__EXERCISE DESCRIPTION__.
From the line with "Kød på gaflen af Steen B.J." down to the final line of the material, please transcribe everything exactly, but leave the pictures out.

__LISTED ENTRIES__.
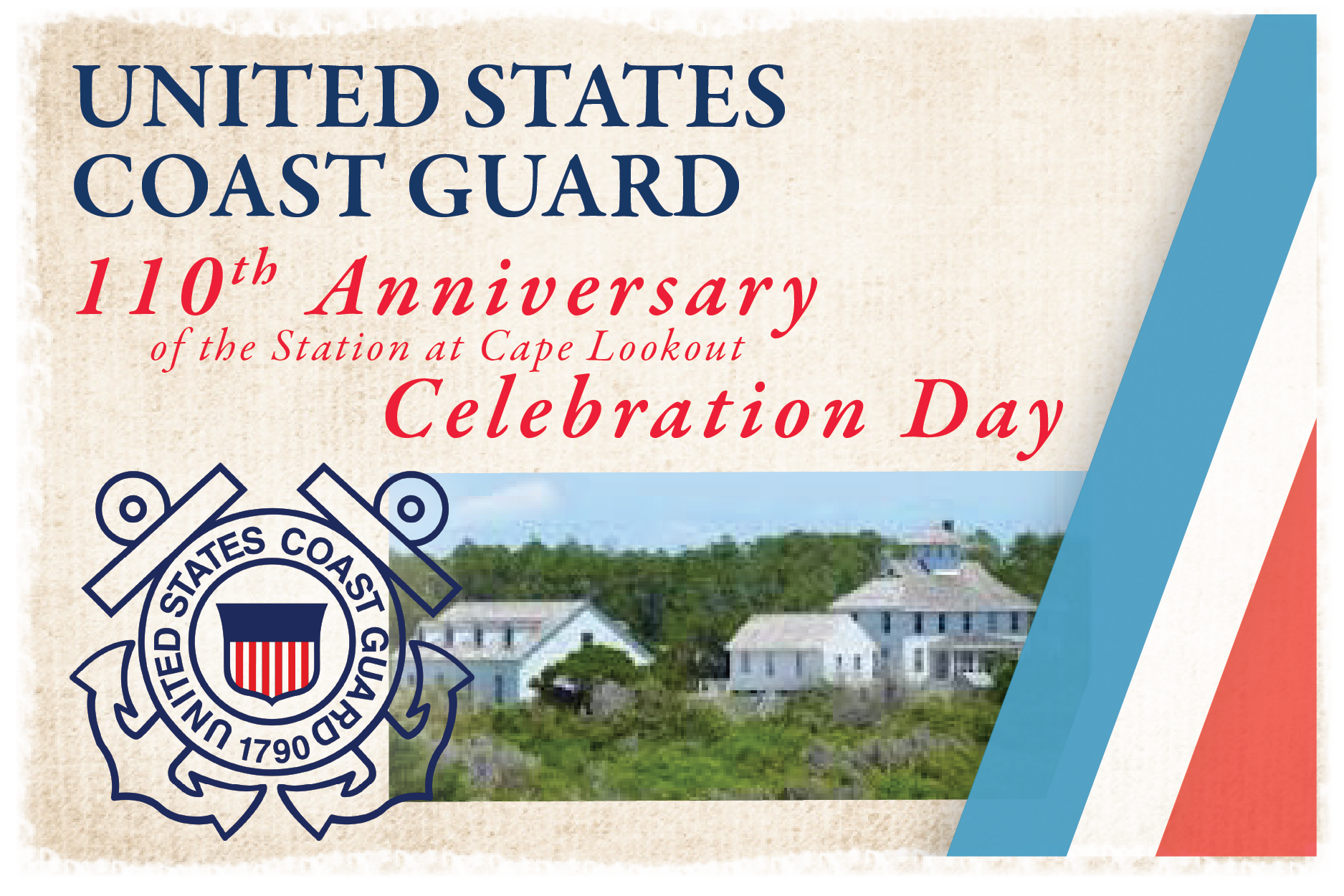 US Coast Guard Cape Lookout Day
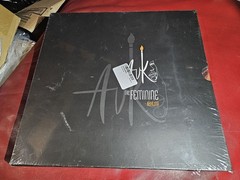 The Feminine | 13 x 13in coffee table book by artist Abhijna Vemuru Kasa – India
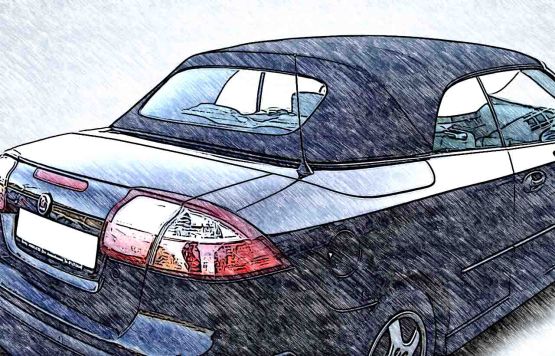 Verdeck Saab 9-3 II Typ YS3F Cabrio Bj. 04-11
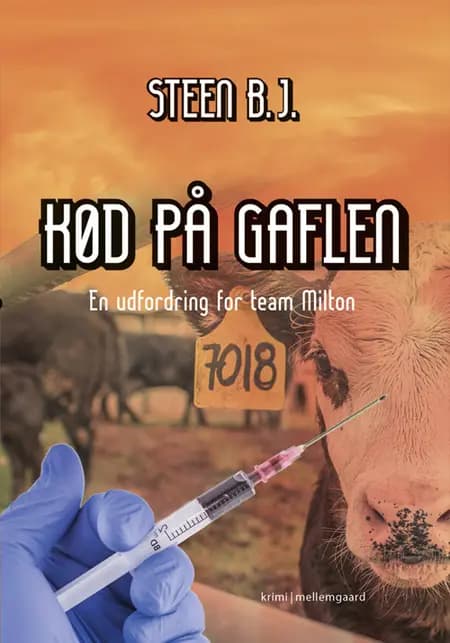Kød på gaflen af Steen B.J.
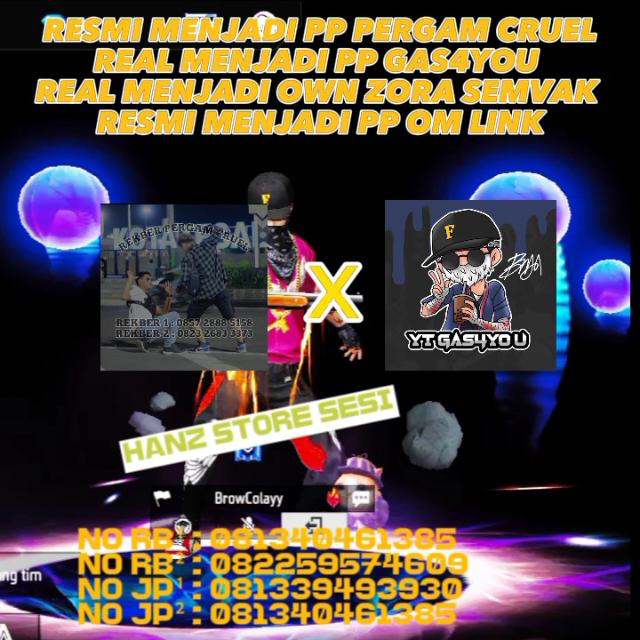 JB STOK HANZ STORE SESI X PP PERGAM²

__SOLUTION FOR THIS EXERCISE__.
Kød på gaflen af Steen B.J.
 JB STOK HANZ STORE SESI X PP PERGAM²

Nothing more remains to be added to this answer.